Fuzzy electron micrographs with atoms highlighted in green, red and blue

Source: © 2018 American Physical Society

Images of a Ge cluster showing different numbers of atoms picked out by statistical analysis

Letting a mathematical model analyse electron microscope data can reveal atom-fine details from low resolution images.

A material’s exact composition and shape determines its physical properties. Even just a few stray atoms on a surface can make a difference, for example when it comes to a material’s catalytic properties. Transmission electron microscopy (TEM) can visualise these nanoscale details by illuminating a sample with an electron beam.

But many materials quickly degrade under the electron onslaught. To avoid radiation damage, scientists tune down the beam intensity, which also lowers the contrast. Interpreting these noisy images usually requires researchers to make assumptions that might lead them to misassign structures.

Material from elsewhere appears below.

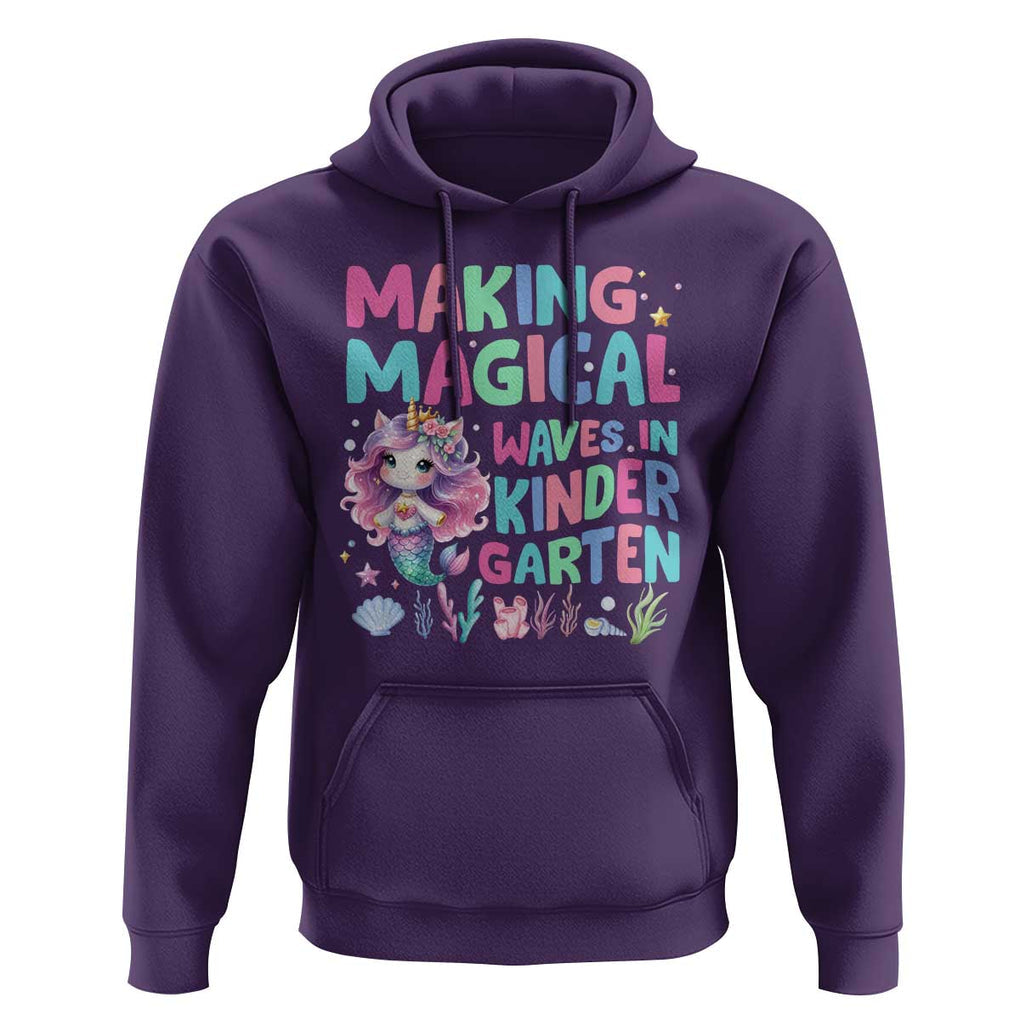 Kindergarten Mermaid Unicorn Hoodie Making Magical Waves In Kindergarten TS09 Purple Print Your Wear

A statistical model, developed by researchers from Belgium, the Netherlands and the UK, promises to resolve fuzzy TEM images down to single atoms – even light ones that only weakly scatter electrons and are therefore hard to spot. At the same time, the method removes human bias from the equation.

Unlike other methods, the model analyses the TEM image as a whole rather than looking at each pixel individually. It tries to fit different arrangements of atoms to the image and then figures out which number is the most probable.

Within an hour, the method revealed details of a strontium titanate crystal, although it took long longer – 11 hours – to find the hexagonal graphene lattice in an even noisier TEM image. The probability count can also resolve individual atoms at the edge of a gold nanorod that were invisible in the original image.